If you could invest in one form of insurance for your career, consider data science first.
We are data machines. We are constantly gathering, processing or analyzing it in some form at work or school — and when we’re not, we’re creating 44 billion gigabytes of it every day.
As we find more ways to connect our lives to technology, more of our lives are represented by data. We now rely on processes like analytics to improve our healthcare system, predict a band’s next hit song or measure the effectiveness of an email campaign to a political constituency. This shift toward technology will only increase in the future, as will the need for more people who can interpret it.
In the past few years, the job market for data scientists has exploded — the job is considered by several institutions as the No. 1 job due to salary and employee satisfaction.
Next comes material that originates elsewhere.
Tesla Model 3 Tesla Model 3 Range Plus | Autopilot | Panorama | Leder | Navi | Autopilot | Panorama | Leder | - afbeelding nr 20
Thousands of opportunities are available, and if that pool is expanded to include jobs requiring related skills — like modeling techniques or automation of analytics processes — the number grows exponentially, said Assistant Professor of Marketing Jameson KM Watts.
Data science is useful because the knowledge can be applied across many disciplines, so you’re not limited to a single profession. In addition, the coursework suits people at almost any stage in their career — from first-year students to working professionals who enroll in certificate programs like Atkinson Graduate School of Management’s Data Science for Professionals.
Few fields are as dynamic as data science and fewer can guarantee as much success, today and down the road. In one of Watts’ recent classes, an HR manager who works for Intel told his students that the company is increasingly interested in human resource personnel who have analytics skills because so much of the job deals with data.
“All of the jobs in the future are going to require these skills, in one form or another,” Watts said. “The most qualified applicants in any discipline are able to work with and derive insights from data.”